As we discussed in the past, the main goal for VMware Virtual SAN, as it is shipping today, is to provide a cost-effective, enterprise-grade storage solution for typical virtualized environments. (The success of the product so far, with 2,000+ customers with production deployments is a testament to the product’s strengths.)
How do those “typical” environments look? They are designed around traditional “monolithic” applications. These are single-binary apps that are designed to do certain tasks and are self-contained in terms of the utilization of libraries and OS features for data access and networking. They are typically designed to run on stand-alone server platforms and, with the exception of a few clustered applications from the likes of Microsoft and Oracle, they are not designed as distributed, fault-tolerant software services.
VMware has been extremely successful to a big extent thanks to VMware vSphere features such as vMotion, DRS, HA, FT and various data protection solutions, which are used to meet the business continuity needs of an IT organization with traditional application which do not have such features natively. All these vSphere features are designed around the notion of a manually managed pool of compute resources, the vSphere cluster. A shared storage backend is a prerequisite to enable these features and management workflows. That’s exactly what VMware Virtual SAN does using a hyper-converged architecture – it aggregates the local storage devices of all the hosts in a cluster and makes them appear as a shared data store, accessible by all hosts in the cluster.
Storage Infrastructure Management (Today)
Given the primary use cases for VMware Virtual SAN today, we made some packaging decisions for the current product. First and foremost, we decided to make the Virtual SAN cluster to be the same as the vSphere cluster. This is not an inherent technology property, but makes management and integration with vSphere much easier.

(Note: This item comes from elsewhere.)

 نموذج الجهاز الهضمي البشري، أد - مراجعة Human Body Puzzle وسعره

- The user does not have to configure and manage storage clusters vs. compute clusters and then deal with all the complexity of what host accesses what Virtual SAN datastore. It is exactly the SAN management complexity such as zoning and fencing we are tackling with Virtual SAN after all!
- It facilitates seamless integration with key management workflows like Upgrades, Maintenance Mode, HA, over-provisioning for emergencies, etc. Even basic tasks such as automatically claiming disks have simpler semantics.

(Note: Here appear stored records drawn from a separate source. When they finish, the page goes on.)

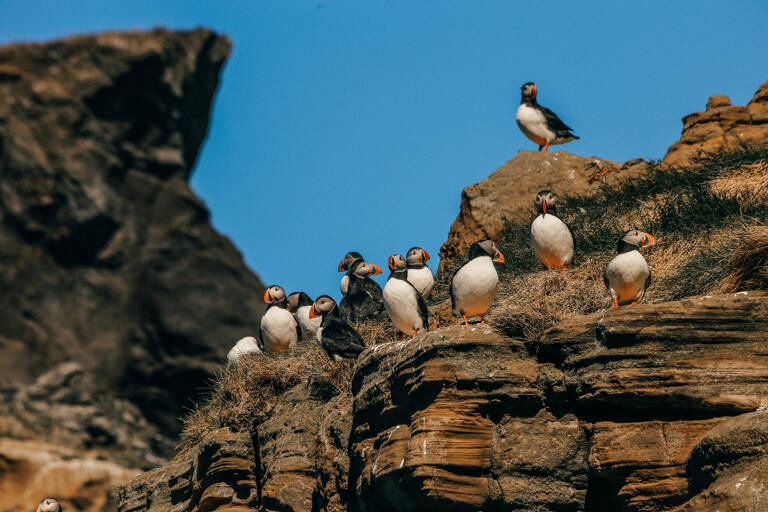 GUESTBLOGGER-WAH-europe-iceland-3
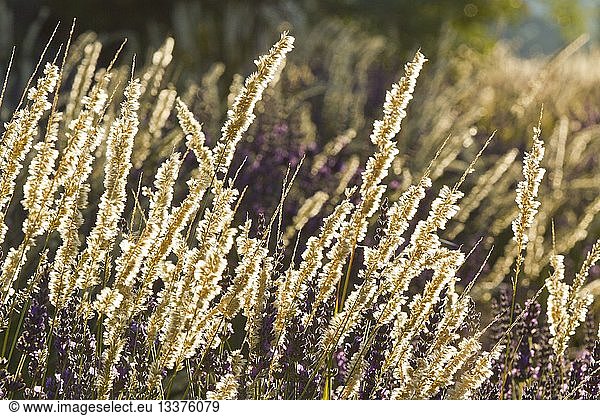 France  Vaucluse  Sault  lavender field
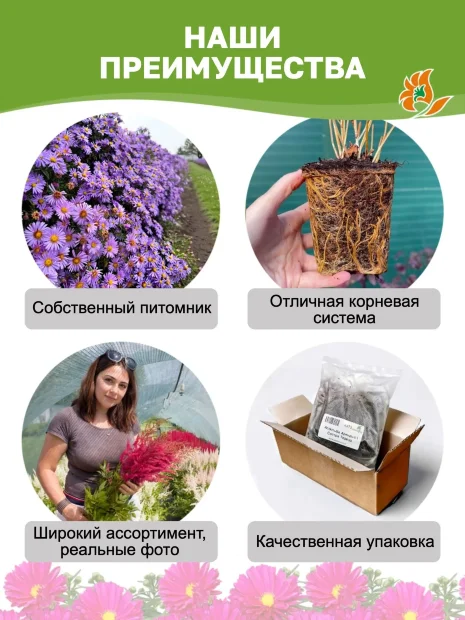 Астра Меджик Пёпл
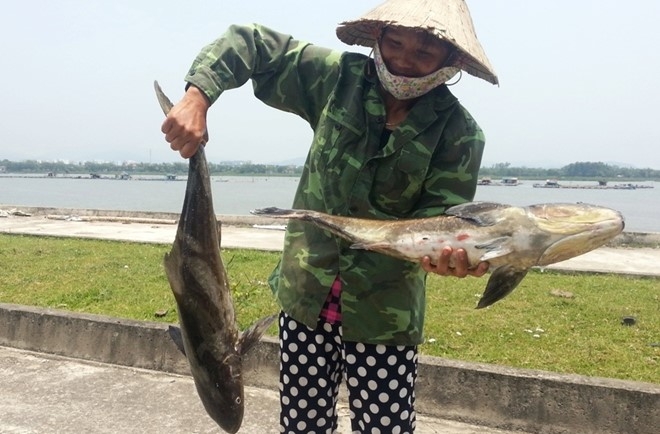 Nhieu tan ca long chet bat thuong o cua bien Thanh Hoa hinh anh 2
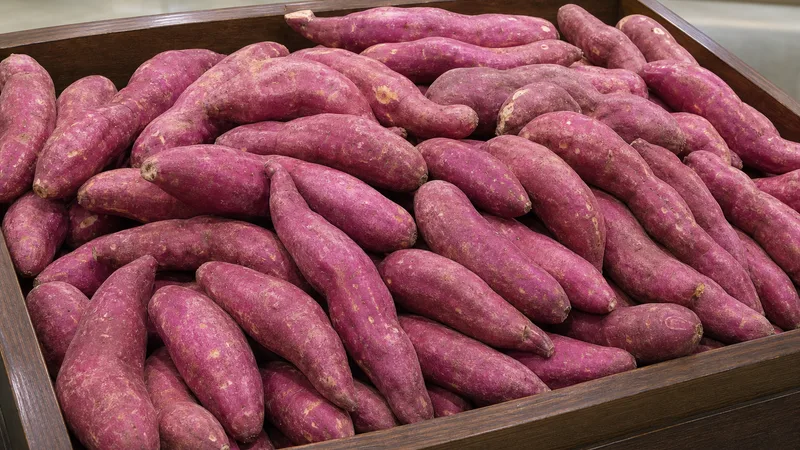 Exposição comercial de Batata-doce Roxa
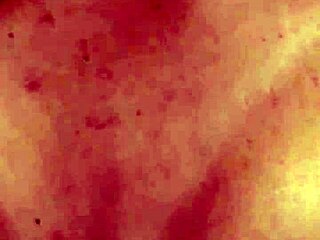 Curvy Latina BBW Fucks Secretly With Husband Nearby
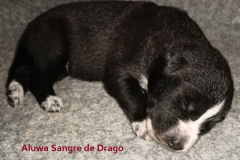 Aluwa-Sangre-de-Drago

- All existing vSphere APIs and management workflows just work! We just extend existing APIs or add a few new ones for storage purposes.

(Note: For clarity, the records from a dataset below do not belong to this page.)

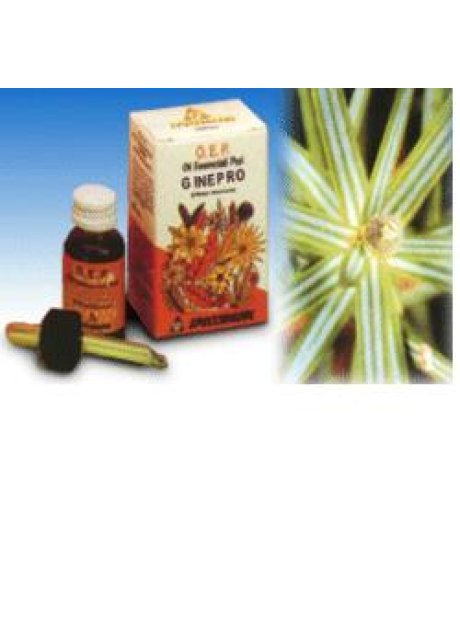 GINEPRO OE PURO 10ML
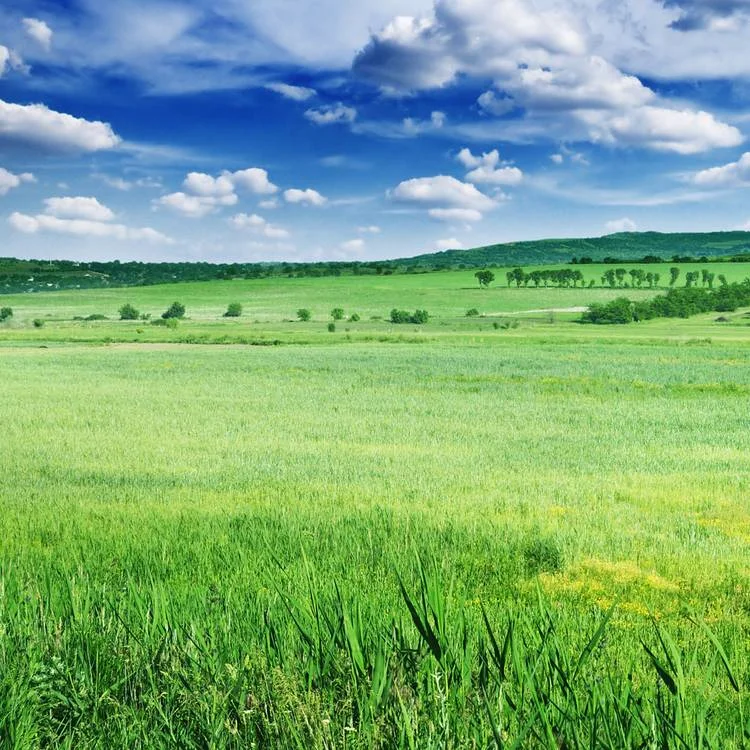 两名男子挤深圳地铁起擦碰后互殴现场的具体情况是怎样的（深圳地铁男子殴打孕妇）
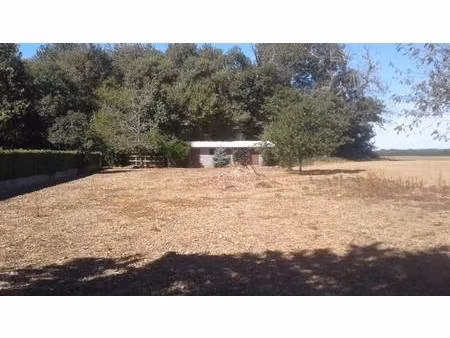 terrain constructible à vendre
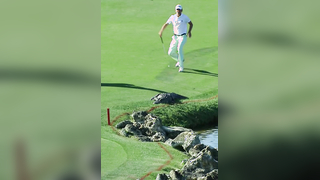 L8r g8tr #golf #pgatour #animals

- The consistency of compute and storage cluster membership simplifies the monitoring and troubleshooting of one’s infrastructure. It facilitates re-use of existing mechanisms such as vCenter alarms and tasks.
Storage Consumption Model (Today)
The predominant way for VMs to consume storage today is in the form of Virtual SCSI (VSCSI) Disks. This is the trick to ensure that any legacy application can run on any storage backend without compatibility concerns. In fact, VMware and all other virtualization vendors have IP to efficiently emulate SCSI controllers and devices in their hypervisors. Again, the Virtual SAN product has been packaged to support VMs and VSCSI disks. But with a very important new twist: fine-grained policy-based storage provisioning and management (SPBM).
In Virtual SAN, every VM or even every individual VMDK (VSCSI disk) is provisioned with its own individualized QoS properties. The user specifies, in the form of a policy, what they want and then Virtual SAN automatically decides how to distribute each VMDK in the cluster and what resources to assign to meet the user’s requirements: capacity, flash space for caching and performance, number of replicas for availability, number of stripes, etc.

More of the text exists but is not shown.